Words are human constructed where certain squiggles such as “a” denote a certain sound and which combined with other sounds create a collective sound which denote a word such as “apple”. And for that cumulative sound, we map a real word concept, in this case a specific kind of fruit. The mapped concept could also be an imaginary concept well understood by people in the real world – like a god.
Infact there are other kinds of data (external observations) which seem quite different from words and numbers but then they are typically recorded using a collection of numbers. These are pictures and sounds. Pictures and sounds though not fully man made like words, are articulated and observed through human constructs. For instance the concept of color is an entirely a human concept. There are colors observed by other species but each species has a different conception of it. Color in its physical sense is a frequency or a combination of frequencies but as the photons hit the rods and cones in our eye, we give it a different meaning. Similarly sound is a longitudinal wave composed of compressions and rarefactions in a medium but as it impinges on our tympanum we give it a different meaning. These interactions between our sense organs and nature have been codified into a set of numbers and stored as pictures and sound segments. They are codified in such a manner that we can regenerate the same experience for our sense organs. So what is stored is a re-playable recording rather than the true essence of the external nature which is not relevant to us.
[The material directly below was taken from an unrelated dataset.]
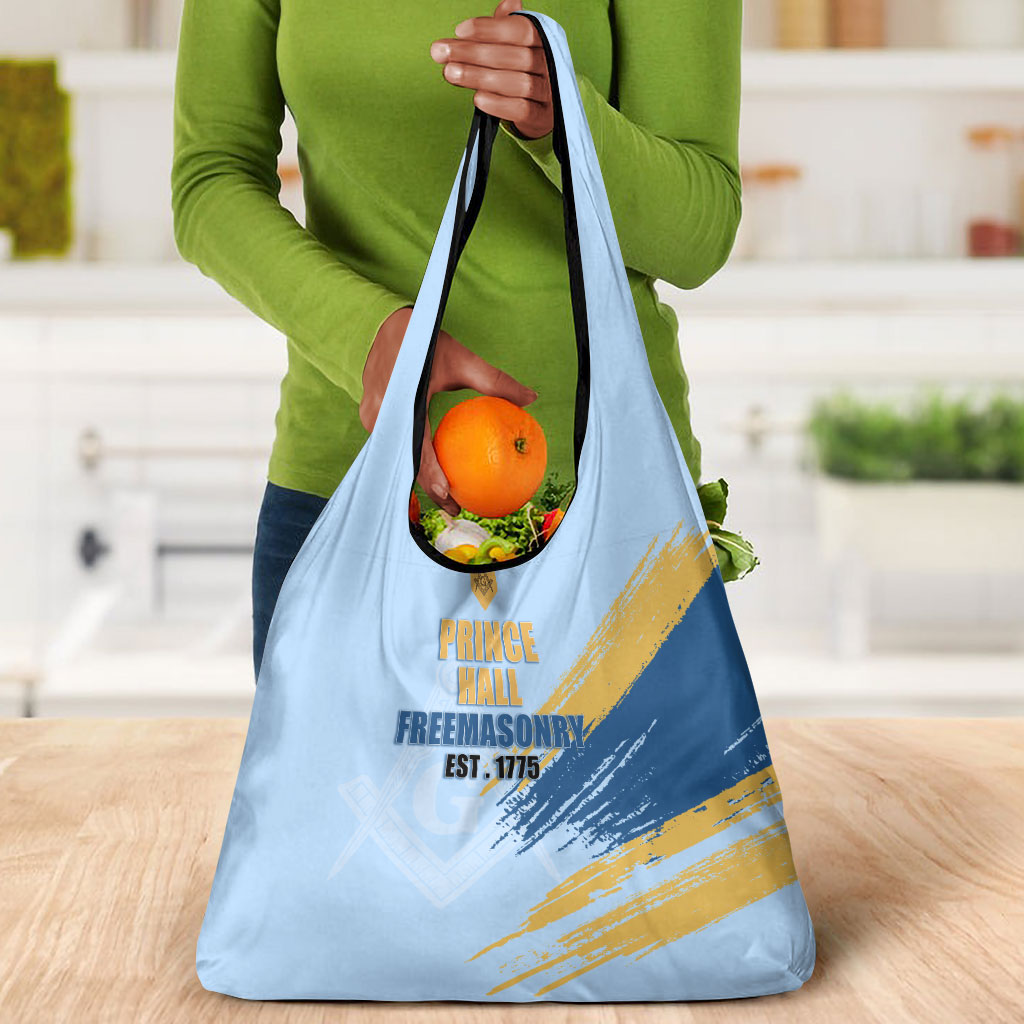 Prince Hall Freemasonry Grocery Bag Vintage Brush Stroke Masonic Blue Gold Graphic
Now having covered to an extent the various kinds of data points we encounter in our world, let us look at a bunch of numbers. These numbers typically denote some attribute of a certain object of interest unless they are a bunch of generated numbers, generated by humans. So all numbers can be divided into numbers observed in nature (stock price or age of the universe) or artificially human generated numbers. Please note that I consider stock price as not a generated number but a number observed in the world – the word which was given to humans and that which has been embellished by human activities. When I mean human generated numbers, I only refer to say a program which randomly generates numbers but then after generating such a number if we use that number to denote something in the human world like for instance voter id, then the number changes its nature from an artificial number and becomes a number observed in nature (Voter id of a voter). So in general these artificial numbers can be ignored for our current discussion as artificial numbers which has no other significance attached to it by humans like voter id, can be ignored as they dont play any significant role in our context of data. I introduced that for the sake of philosophical completeness.
So all numbers we encounter in nature have a certain significance attached to them and they typically like indicated before denote some attribute of a certain object or a collection of objects. Well there are certain numbers which are say coefficients which define a particular model or a theory, for instance the gravitational constant. In such a case these coefficients are attributes of the conceptual object – theory object or model object. But sometimes there are constants shared across multiple connected theories and in such a case the number gets significance as the number associated with the integrated theory. I am not able to think of a significant number which cant be construed as an attribute of an object and hence I feel I am safe in assuming all numbers which we observe in nature draws its significance from the object associated with it. These associations can be man made or natural but nevertheless its significance arises from the association.
Having established the philosophical framework “data”, here a bunch of numbers, hinges on, lets move to understand a bunch of numbers.
- First we observe that there is a number of numbers in a bunch of numbers which is an attribute we name as count for the collection of numbers. This count can be very low. If the count is say 2 or 3, then there is really not much statistical significance you can draw out of this collection. What is a reasonable count when statistical significance start to matter is a tricky question and hinges upon what you want to do with the statistical analysis of these numbers.
- Given a bunch of numbers, using basic arithmetic, you can order them. In such an ordered bunch of numbers, you will surely have a highest number and lowest number which are derived numbers, which form the attributes of this collection of numbers – they define the boundaries or the range.
- We can in that ordered collection find the middle number such that there are equal number of numbers above and below it and that is called the median.
- Then we can find duplicates and arrive a number of distinct numbers in the collection and this is a subset of the original collection of numbers and hence a different derived collection.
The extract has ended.